The diagnosis of diabetes is made by demonstrating abnormally increased blood glucose values under certain controlled conditions. If insulin deficiency is small, abnormality is noted only when an unusually heavy carbohydrate load is placed on the system. In uncompensated insulin deficiency, fasting glucose is abnormal; in compensated insulin deficiency, a variety of carbohydrate tolerance test procedures are available to unmask the defect. To use and interpret these procedures, one must thoroughly understand the various factors involved.

Glucose tolerance tests (GTTs) are provocative tests in which a relatively large dose of glucose challenges the body homeostatic mechanisms. If all other variables are normal, it is assumed that the subsequent rise and fall of the blood glucose is due mainly to production of insulin in response to hyperglycemia and that the degree of insulin response is mirrored in the behavior of the blood glucose. Failure to realize that this assumption is predicated on all other variables being normal explains a good deal of the confusion that exists in the literature and in clinical practice.

Test standardization

The most important factor in the GTT is the need for careful standardization of the test procedure. Without these precautions any type of GTT yields such varied results that an abnormal response cannot be interpreted. Previous carbohydrate intake is very important. If diet has been low in both calories and carbohydrates for as little as 3 days preceding the test, glucose tolerance may be diminished temporarily and the GTT may shift more or less toward diabetic levels. This has been especially true in starvation, but the situation does not have to be this extreme. Even a normal caloric diet that is low in carbohydrates may influence the GTT response. A preparatory diet has been recommended that includes approximately 300 gm of carbohydrates/day for 3 days preceding the test, although others believe that 100 gm for each of the 3 days is sufficient. The average American diet contains approximately 100-150 gm of carbohydrates; it is obviously necessary in any case to be certain that the patient actually eats at least 100 gm/day for 3 days.
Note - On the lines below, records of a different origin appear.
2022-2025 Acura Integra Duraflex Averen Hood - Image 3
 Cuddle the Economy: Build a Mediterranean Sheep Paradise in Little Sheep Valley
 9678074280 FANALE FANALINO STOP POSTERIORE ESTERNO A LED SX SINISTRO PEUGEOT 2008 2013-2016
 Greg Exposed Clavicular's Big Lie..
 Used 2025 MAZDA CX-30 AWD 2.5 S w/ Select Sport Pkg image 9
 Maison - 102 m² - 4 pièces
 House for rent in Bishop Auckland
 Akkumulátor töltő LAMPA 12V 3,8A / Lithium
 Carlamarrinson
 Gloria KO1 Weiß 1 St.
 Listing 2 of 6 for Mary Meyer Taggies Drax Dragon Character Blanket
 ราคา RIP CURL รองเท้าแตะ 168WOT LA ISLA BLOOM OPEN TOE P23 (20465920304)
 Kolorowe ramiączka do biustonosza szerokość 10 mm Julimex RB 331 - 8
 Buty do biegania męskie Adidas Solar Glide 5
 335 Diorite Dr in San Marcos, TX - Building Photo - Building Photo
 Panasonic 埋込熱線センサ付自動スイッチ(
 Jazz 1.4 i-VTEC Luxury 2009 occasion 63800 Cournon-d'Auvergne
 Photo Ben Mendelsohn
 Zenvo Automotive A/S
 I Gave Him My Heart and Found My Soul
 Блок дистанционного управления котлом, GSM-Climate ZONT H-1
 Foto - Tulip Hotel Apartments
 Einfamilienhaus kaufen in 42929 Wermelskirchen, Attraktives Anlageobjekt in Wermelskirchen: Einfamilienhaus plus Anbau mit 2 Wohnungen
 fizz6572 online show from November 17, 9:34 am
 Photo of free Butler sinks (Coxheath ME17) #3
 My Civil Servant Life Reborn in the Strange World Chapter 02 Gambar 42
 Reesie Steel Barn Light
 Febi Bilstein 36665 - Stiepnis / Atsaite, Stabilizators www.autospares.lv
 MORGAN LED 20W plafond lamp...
Factors that affect the glucose tolerance test

Inactivity has been reported to have a significant influence on the GTT toward the diabetic side. One study found almost 50% more diabetic GTT responses in bedridden patients compared with ambulatory patients identical in most other respects. The effect of obesity is somewhat controversial. Some believe that obesity per se has little influence on the GTT. Others believe that obesity decreases carbohydrate tolerance; they have found significant differences after weight reduction, at least in obese mild diabetics. Fever tends to produce a diabetic-type GTT response; this is true regardless of the cause but more so with infections. Diurnal variation in glucose tolerance has been reported, with significantly decreased carbohydrate tolerance during the afternoon in many persons whose GTT curves were normal in the morning. This suggests that tests for diabetes should be done in the morning. Stress, when severe, results in release of various hormones (e.g., epinephrine and possibly cortisol and glucagon), which results in decreased glucose tolerance. Acute myocardial infarction, trauma, burns, and similar conditions frequently are associated with transient postprandial hyperglycemia and occasionally with mild fasting hyperglycemia. This effect may persist for some time. It has been recommended that definitive laboratory testing for diagnosis of diabetes be postponed for at least 6 weeks. However, if the fasting blood glucose (FBG) level is considerably elevated and there is substantial clinical evidence of diabetes, the diagnosis can be made without additional delay.

There is a well-recognized trend toward a decreasing carbohydrate tolerance with advanced age. For each decade after age 30, fasting glucose increases 1-2 mg/100 ml (0.05-0.10 mmol/L) and the 2-hour value increases 8-20 mg/100 ml (0.4-1.1 mmol/L). There are three schools of thought as to the interpretation of this fact. One group believes that effects of aging either unmask latent diabetes or represent true diabetes due to impairment of islet cell function in a manner analogous to subclinical renal function decrease through arteriosclerosis. Another group applies arbitrary correction formulas to decrease the number of abnormalities to a predetermined figure based on estimates of diabetes incidence in the given population. A third group, representing the most widely accepted viewpoint, regards these changes as physiologic rather than pathologic. To avoid labeling many elderly persons diabetic who have no other evidence of diabetes, some experts deliberately extend the upper limits of the oral GTT reference range. The National Diabetes Data Group (NDDG) diabetes criteria (discussed later) incorporate some of this shift of the reference range.

The question arises occasionally as to what serum glucose values are normal when a patient is receiving intravenous 5% dextrose. In 20 patients at our hospital who had no evidence of disease known to affect serum glucose, values ranged from 86-232 mg/100 ml (4.74-12.78 mmol/L), with a mean value of 144 mg/100 ml (8.0 mmol/L). Only one patient exceeded 186 mg/100 ml (103 mmol/L).